When you have a generic metric and you place a dimension on it to filter it, it's going to apply that to every part of the metric. For example, with conversion rate, I have the example here of putting conversion rate against page names (having it on the side will do the same as if you were to put it above/below the metric). My conversion rate is orders/visits. If you look at the columns with the order and visit count, divide those and you will get the percents seen in the third column.
The alternative is to make a custom metric for the specific page you're interested in. In this example, I'm using the home page as my page of interest. If we want to know how many people that saw the home page placed an order, we would need a visit level segment. Then we put that around our metric. The reason this is going to produce a different result is because when you're using just the dimension (or even a hit level segment), it's insisting that the dimension was present and got credit for both metrics. But at a visit level, it's just saying that this dimension has to be present in the same visit as the metric.

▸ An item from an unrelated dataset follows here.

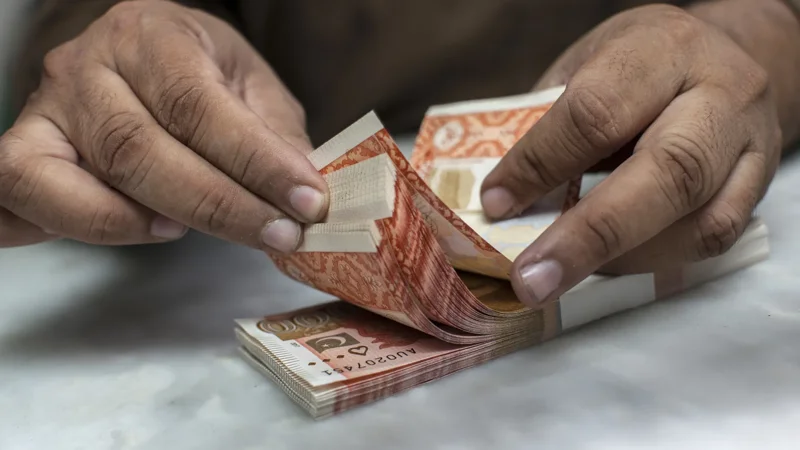 Pakistan's money supply shrinks as government borrowing rises
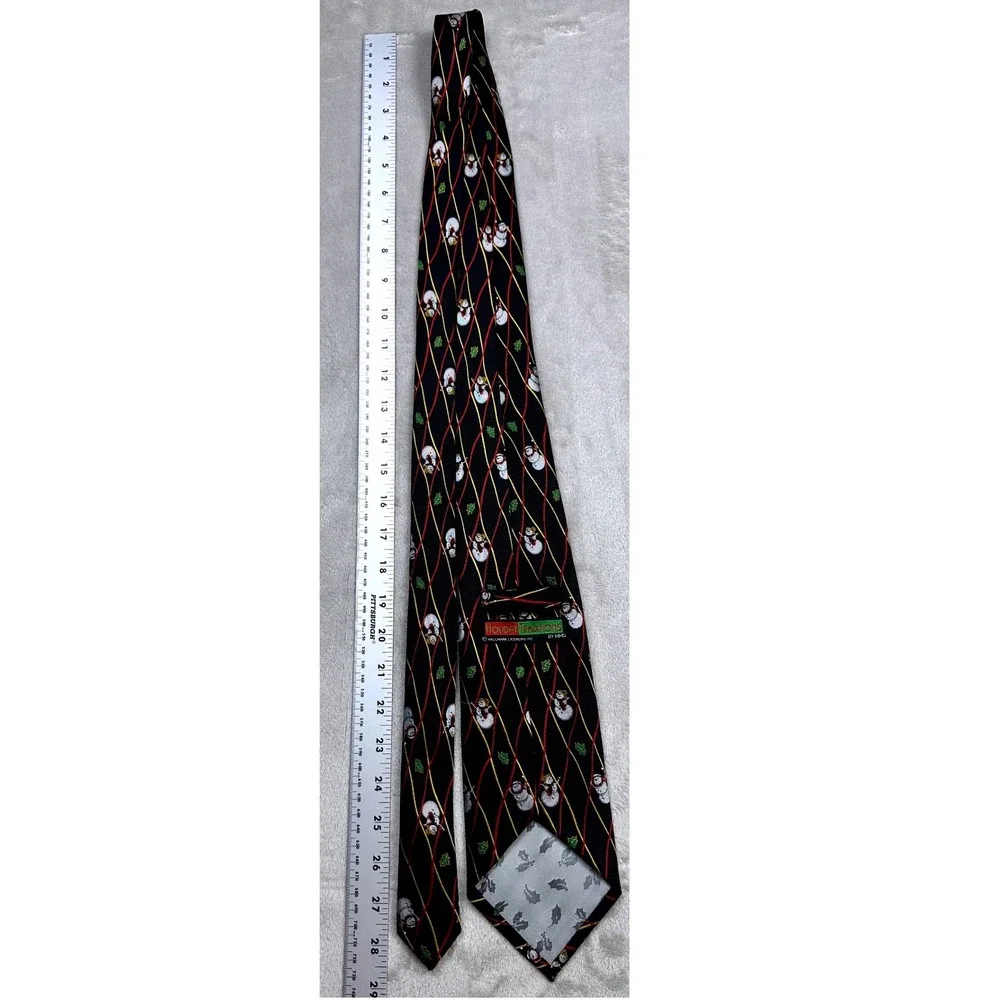Holiday Traditions All Silk Hand Made Snowman Holly Christmas Necktie‎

Adding our new metric to the table from before, and adding a column with the segment just on orders we can see how it's calculated now. It's going to take the number of orders in the same visit as a home page (3.6k) divided by visits with home page (27k) to get our 13%. Now, if you look at the home page row in that last column, that still says 0, because again the dimension is trying to insist that it is present for both metrics.
Alternatively, if you don't want to build the segment into the metric, you can just make a visit level segment and drop that over top of your conversion rate metric and it'll have the same result. The key is to have the segment at a visit level.